PowerStore CSI driver NVME TCP connectivity, attach volume successful, mount failed with error:
Warning FailedMount 8s (x8 over 72s) kubelet MountVolume.MountDevice failed for volume "csivol-a3491527fc" : rpc error: code = Unavailable desc = connection error: desc = "transport: Error while dialing dial unix /var/lib/kubelet/plugins/csi-powerstore.dellemc.com/csi_sock: connect: connection refused"

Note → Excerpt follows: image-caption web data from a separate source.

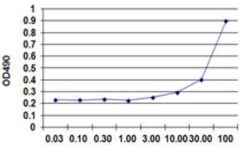 HMGB1/HMG-1 Antibody Pair, Novus Biologicals 1 Set | Buy Online | Novus Biologicals | Fisher Scientific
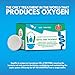 SEPTIFIX Septic Tank Treatment Tabs - Live Aerobic Bacteria Tablets For Your Septic Tank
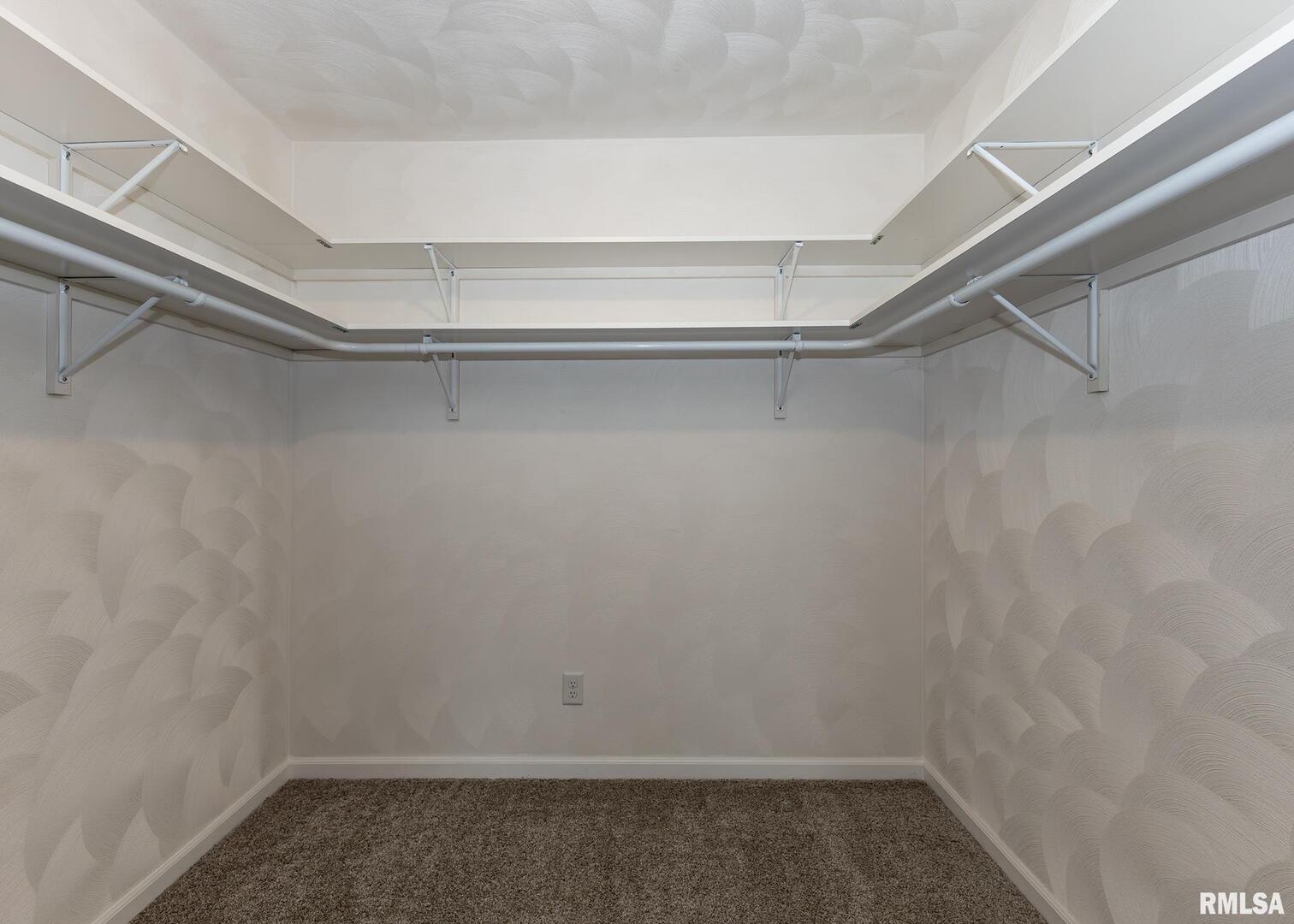 321 Pin Oak Drive Geneseo, IL 61254 - Photo 28 of 42 a empty walk in closet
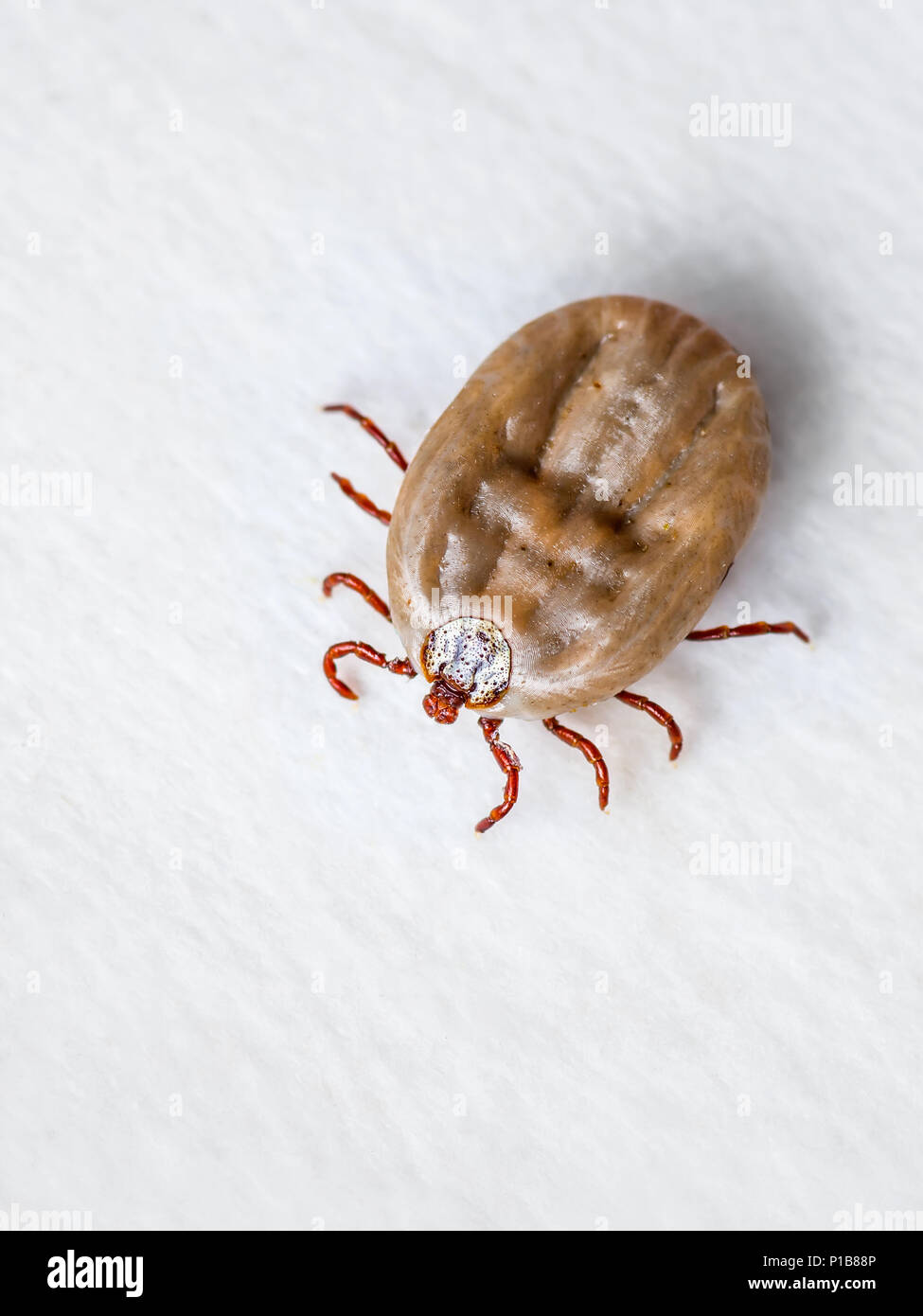 Enzephalitis Virus oder Borreliose infizierte Zecke Arachnid Insekt-schädling Kriechen auf weißem Hintergrund Stockfoto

Details: ? SLES 15 SP3 VM running on ESXi 7.0.3 (All NVME TCP enabled, NVME module installed) K8S 1.24.6 (3 VMs cluster) PowerStore CSI driver 2.4
CSI driver installed successfully with NVME TCP topology, CSI driver successfully added nvme hosts into PowerStore with NVMe TCP initiator NQNs, and when creating pvcs and applications, CSI was able to automatically create volumes on powerstore and map them to NVMEe hosts in K8S cluster, k8s hosts successfully showed those nvme volume in nvme list/fdisk -l output, k8s also showed pvcs created and bound successfully, volumes attached to pods successfully,
however application pods stuck on container-creating phase due to failed mount volumes, mount failed with error:
Warning FailedMount 8s (x8 over 72s) kubelet MountVolume.MountDevice failed for volume "csivol-a3491527fc" : rpc error: code = Unavailable desc = connection error: desc = "transport: Error while dialing dial unix /var/lib/kubelet/plugins/csi-powerstore.dellemc.com/csi_sock: connect: connection refused"
Also I have tried to manually mount a test volume from the same powerstore onto the k8s VM's linux OS via NVME TCP, mkfs.ext4 and mount all completed successfully.
Any advice to fix this would be appreciated.